[[ TASK MATERIAL open ]]

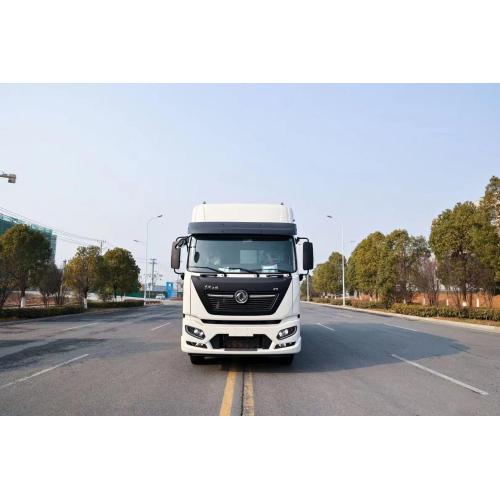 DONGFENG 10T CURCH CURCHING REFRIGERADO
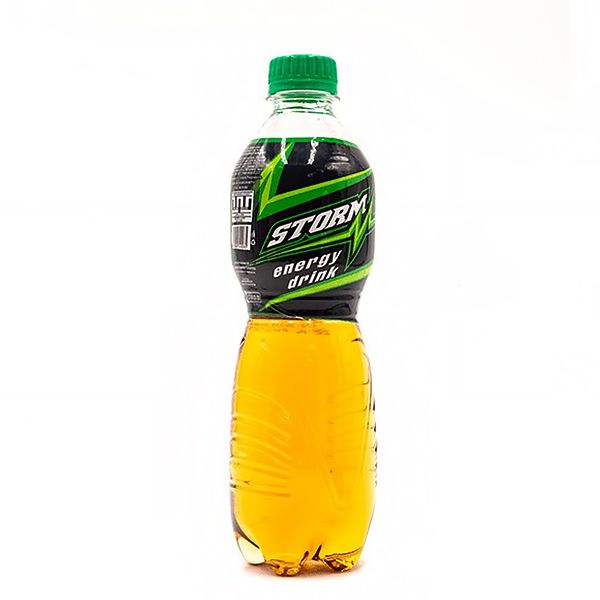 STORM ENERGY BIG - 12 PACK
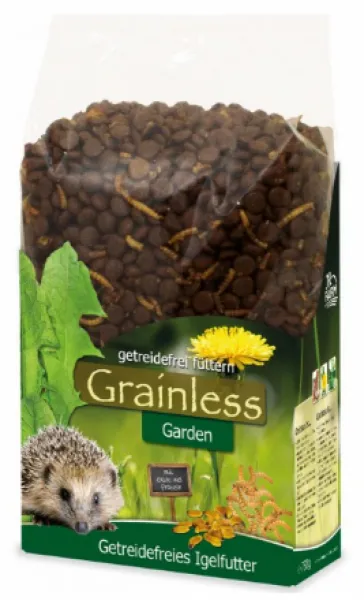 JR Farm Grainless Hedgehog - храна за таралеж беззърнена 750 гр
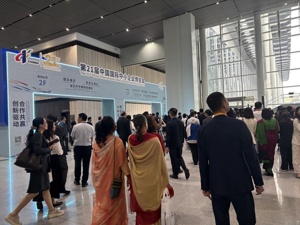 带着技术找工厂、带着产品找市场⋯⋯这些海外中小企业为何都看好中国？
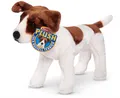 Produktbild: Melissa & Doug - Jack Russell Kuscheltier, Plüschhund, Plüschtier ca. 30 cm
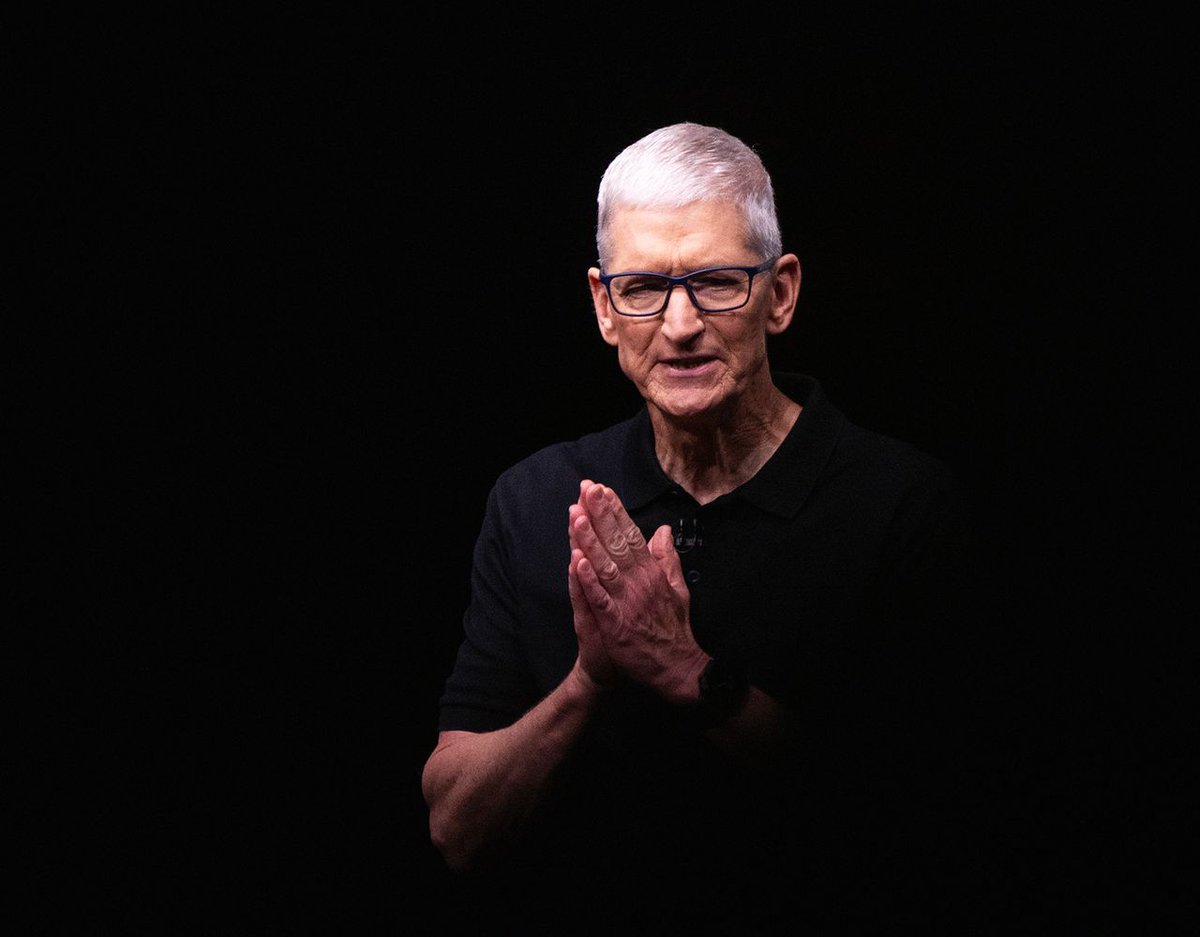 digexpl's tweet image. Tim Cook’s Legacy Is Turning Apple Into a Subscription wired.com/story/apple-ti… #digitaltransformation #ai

[[ TASK MATERIAL closed ]]

With the pictures omitted, the records above are to be repeated exactly.

 DONGFENG 10T CURCH CURCHING REFRIGERADO
 STORM ENERGY BIG - 12 PACK
 JR Farm Grainless Hedgehog - храна за таралеж беззърнена 750 гр
 带着技术找工厂、带着产品找市场⋯⋯这些海外中小企业为何都看好中国？
 Produktbild: Melissa & Doug - Jack Russell Kuscheltier, Plüschhund, Plüschtier ca. 30 cm
 digexpl's tweet image. Tim Cook’s Legacy Is Turning Apple Into a Subscription wired.com/story/apple-ti… #digitaltransformation #ai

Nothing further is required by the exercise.